Former global head of sales at Petrofac David Lufkin pleaded guilty to three counts of bribery in January for contracts worth $3.3 billion in the UAE between 2012 and 2018, resulting in the global engineering giant being banned from competing for new projects in the Emirates.
Lufkin pleaded guilty to offering and making or planning to make total payments of nearly $30 million to influence the award of an engineering, procurement, and construction (EPC) contract in 2013 for the Upper Zakum UZ750 Field Development Project, in addition to a variation to that contract in 2014, and a FEED contract in 2014 for the Bab Integrated Facilities Project, reported Oil & Gas Middle East on Tuesday.

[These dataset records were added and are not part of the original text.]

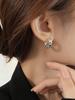 Pendientes de lujo ligeros para mujer, con hebilla de oreja, diseño de nicho, pendientes de sentido avanzado, novedad de 2023, pendientes de plata con forma de botón y aro pigmentado en oro.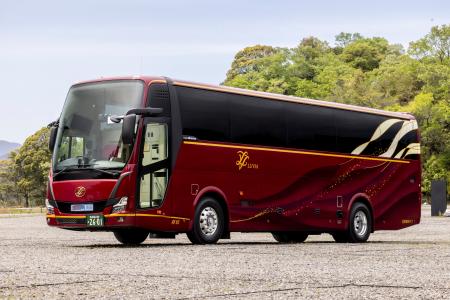 ラグジュアリーバスツアー「遊山 -yusan- 」専用車両 ラグジュアリーバスツアー「遊山 -yusan- 」専用車両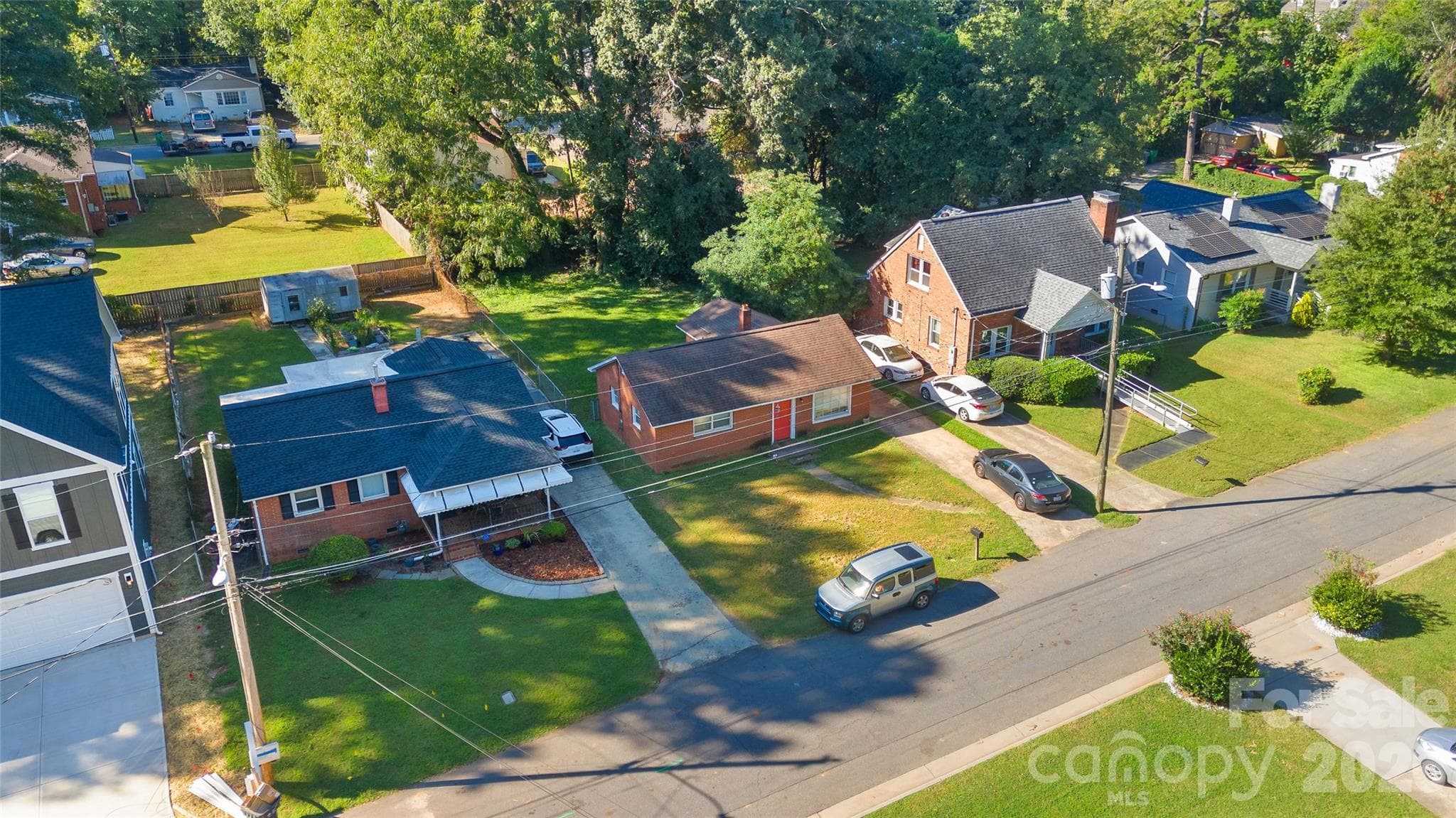 Single Family Residence at 2019 St Mark Street, Charlotte, photo 17 of 18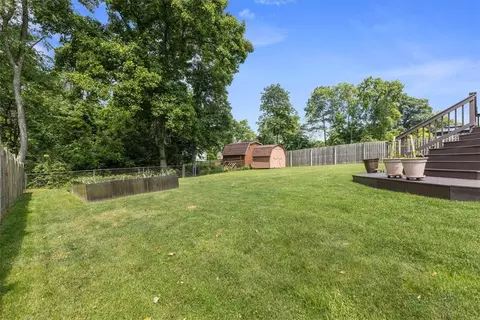 215 Sunrise Dr, Irwin, PA 15642 photo 35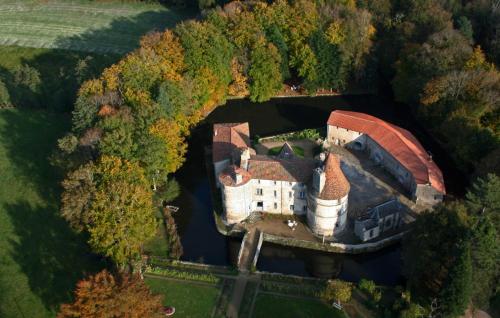 Château des Martinanches chambre d'hôte Auzelles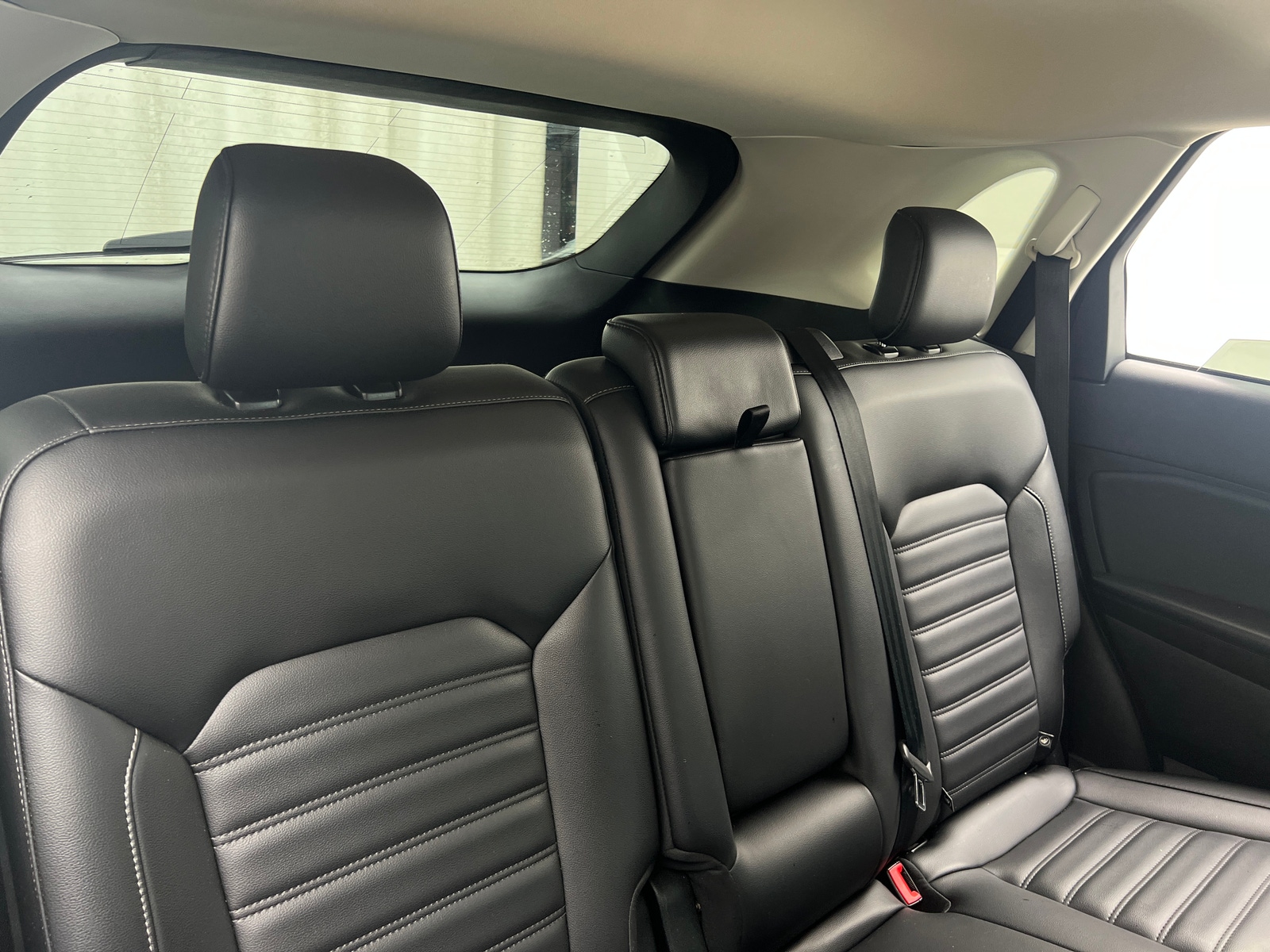 Thumbnail: 2022 Ford Edge - 5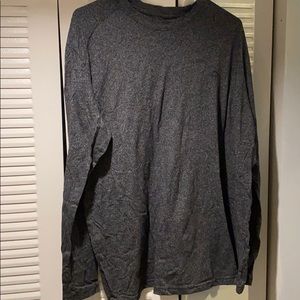 Men’s long sleeve t shirt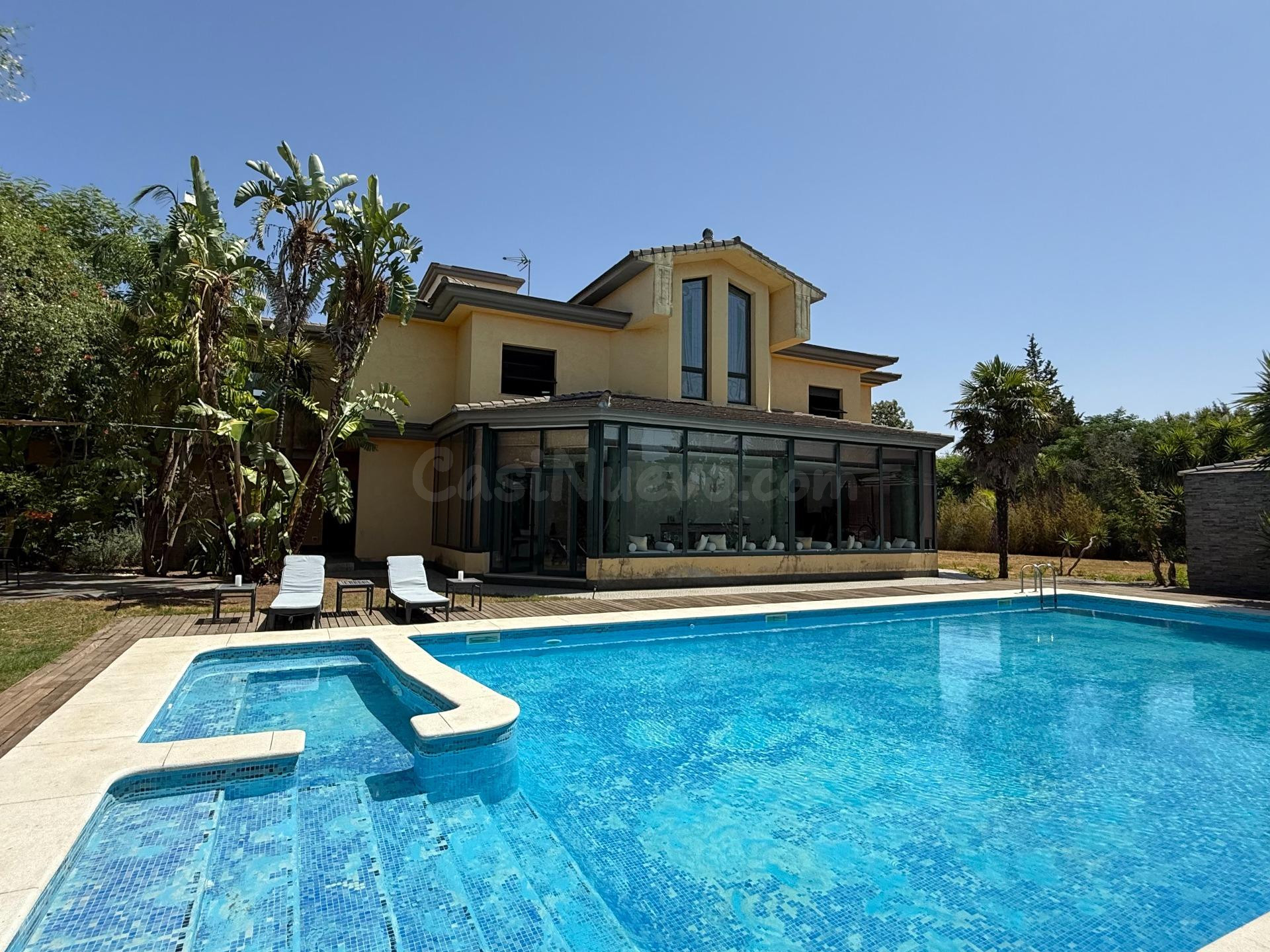 Chalet independiente en venta en Simón Verde, Sevilla.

“Business integrity and ethical conduct are at the core of ADNOC’s values, and we remain committed to maintaining the highest standards of ethics and compliance across all of our commercial relationships,” a spokesperson for UAE’s state-owned Abu Dhabi National Oil Company (ADNOC) said.
“Given the [Serious Fraud Office]’s ongoing investigations, ADNOC Group can no longer maintain its current engagement with Petrofac,” he continued.
Petrofac wrote in a press statement that it would continue to execute work on two EPC projects for ADNOC that are already under construction. It also claimed that “ADNOC has stated that it recognises the long-standing nature of its relationship with Petrofac and has confirmed that its decision will be reviewed on a periodic basis.”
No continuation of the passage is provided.